Does that mean any lie or only a big lie? Lying about what he did to Ford would obviously be disqualifying. What about lying about the extent of his youthful drinking, though, or what terms like “boof” or “Devil’s Triangle” or “Renate alumnius” in his yearbook really meant?
And how would you prove that he was lying? Even if his school chums tell the FBI that they remember different, more salacious meanings for those terms, good luck getting Collins or Murkowski to tank a Supreme Court nomination over a dispute about teenage slang.
I think there’s one lie that might be provable that could sink him. None of the yearbook slang bears directly on what happened with Ford, but his claim about never having drunk to the point of blacking out obviously does. Ford claims he was blitzed when he assaulted her; Kavanaugh claims no memory of it and ruled out the possibility of a blackout on grounds that he’s simply never blacked out — ever. If friends in high school or college remember him telling them that he blacked out, then he has two problems. It raises the possibility that he lied to the Committee about something germane to Ford’s testimony, and it also gives the Committee a relatively easy way to reconcile Ford’s and Kavanaugh’s otherwise contradictory accounts. She says he did it, he says no way. If suddenly there’s new reason to believe he might have done it while blacked out, Collins or Flake or whoever might conclude that there’s no reason to give him the benefit of the doubt in the Ford incident anymore. And down he goes.

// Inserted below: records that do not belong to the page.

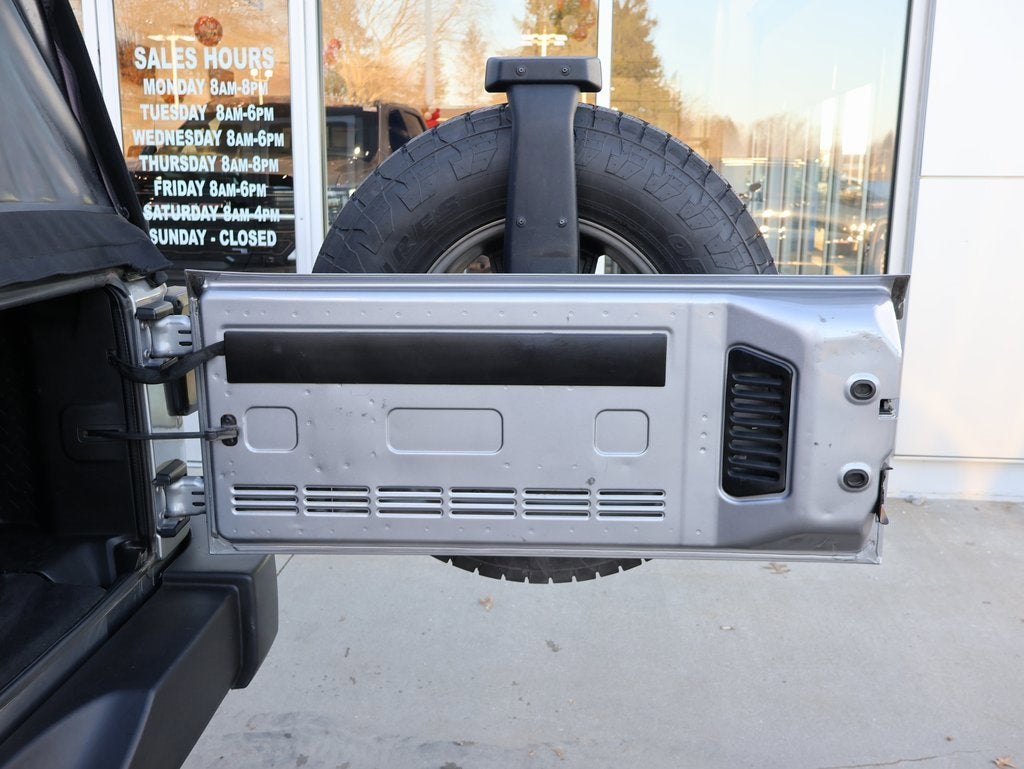 2018 Jeep Wrangler JK Unlimited Sport S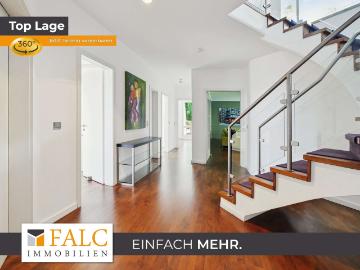 Wohn t raum über 2 Etagen mit Dachterrasse, Balkon, 2 Einstellplätzen, Einbau Wärmepumpe 2026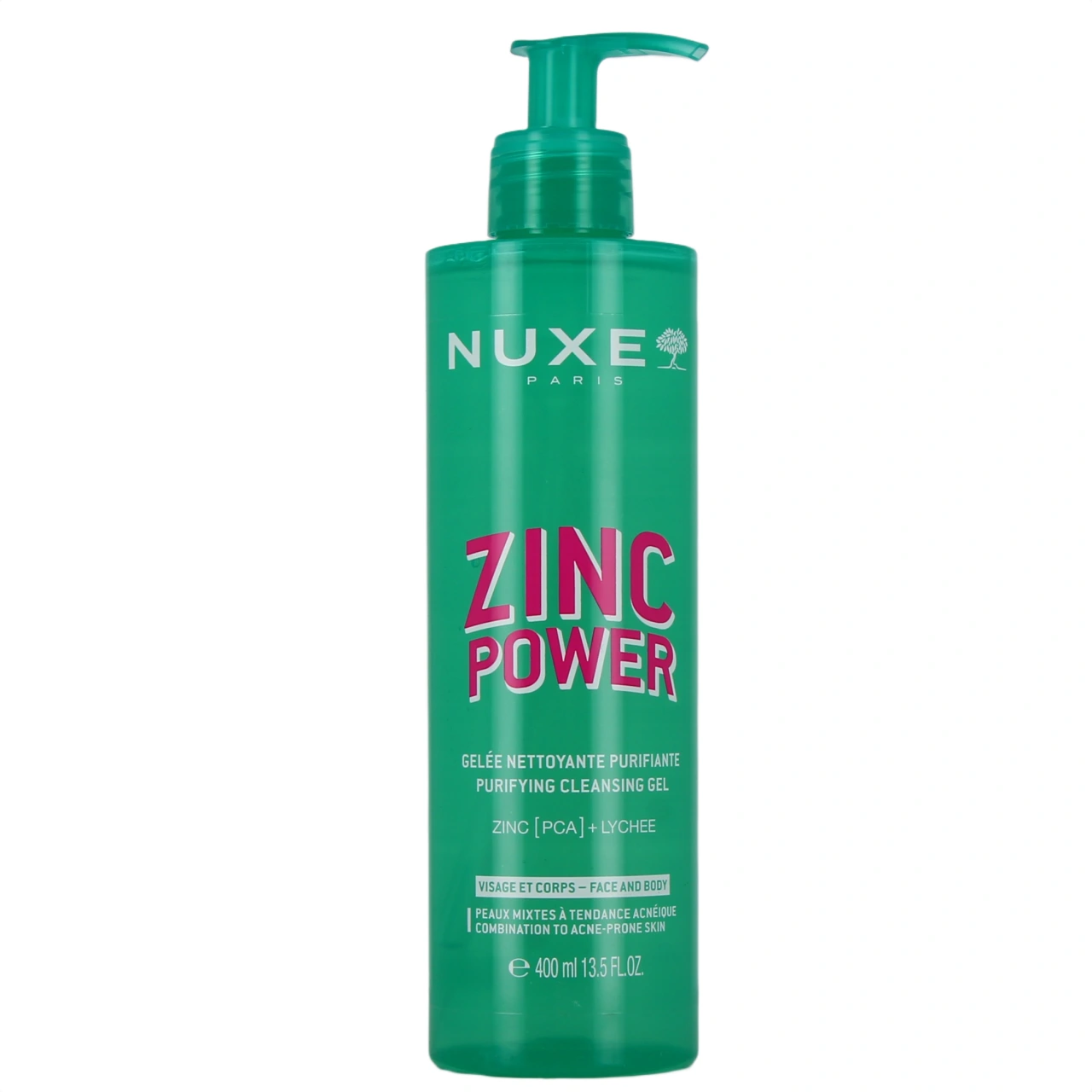 Nuxe Zinc Power Gelée Nettoyante Purifiante - Vue 5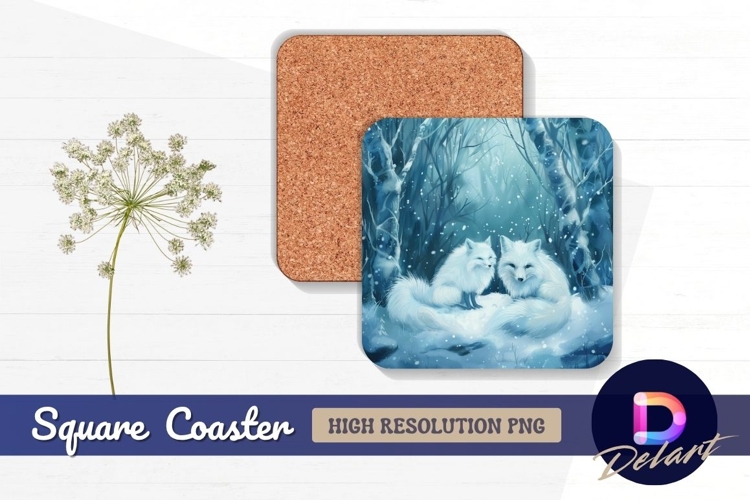 Actic fox clipart Image 6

Even Trump, who doesn’t drink, was surprised by how willing Kavanaugh was to admit his fondness for beer:
Trump, who does not like drinking, says about Kavanaugh: “I was surprised by how vocal he was about the fact that he likes beer”
— MJ Lee (@mj_lee) October 1, 2018
Kavanaugh had to admit that, though. There are too many reports of him drinking heavily in college for him to have gotten away with claiming he rarely imbibed, and he knew it. So he acknowledged during his hearing that “Sometimes I had too many beers.” The question is whether that was the whole truth or a sort of limited hangout with respect to the more salient questions of whether he ever drank to the point of blacking out or of becoming belligerent, which he denies despite accusations to the contrary. If the FBI comes back with a bunch of statements that challenge his truthfulness on those points, what do Flake et al. do with it?
The Times has a story out this morning arguing that Flake may have done both Kavanaugh and the GOP a favor by demanding a delay. Righties don’t want to hear that but Trump himself allowed over the weekend that “it could be a blessing in disguise.” He’s right! Partisan Democrats won’t accept the findings of any investigation that doesn’t end up damning Kavanaugh, but not all Americans are partisans. There are people in the middle who’ll be more likely to support confirmation or at least regard Kavanaugh as a legitimate addition to the Court if he gets a clean bill of health from the FBI than if he hadn’t. That’s worth something to his future rulings. Especially ones on abortion.
Exit question: What if the feds somehow cross paths with an old girlfriend who tells them that Kavanaugh assuredly lied when he said he was a virgin throughout high school? I can’t wait for the national debate over whether false professions of chastity under oath are disqualifying or not.